- Input data:
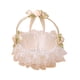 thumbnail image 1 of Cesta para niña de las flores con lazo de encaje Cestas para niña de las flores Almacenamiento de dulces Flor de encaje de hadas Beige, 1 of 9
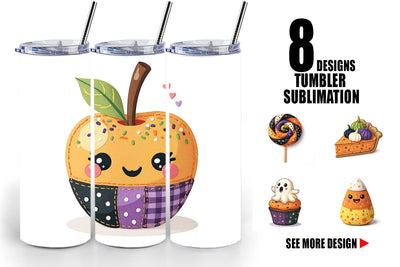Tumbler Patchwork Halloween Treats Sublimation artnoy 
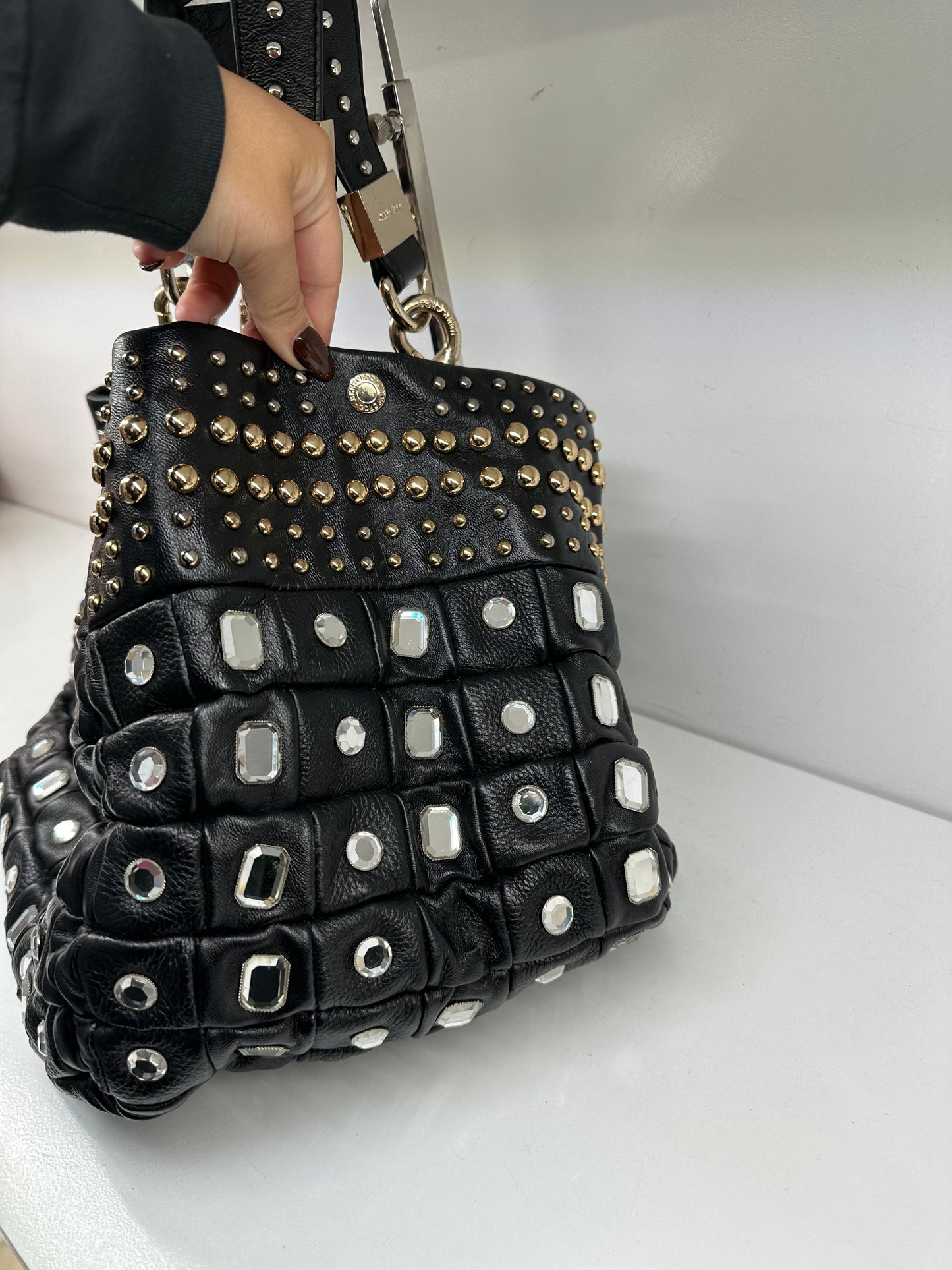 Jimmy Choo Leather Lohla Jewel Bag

- About this exercise: Your task is to retype the listing exactly, without its pictures.

- Your response:
 thumbnail image 1 of Cesta para niña de las flores con lazo de encaje Cestas para niña de las flores Almacenamiento de dulces Flor de encaje de hadas Beige, 1 of 9
Tumbler Patchwork Halloween Treats Sublimation artnoy 
 Jimmy Choo Leather Lohla Jewel Bag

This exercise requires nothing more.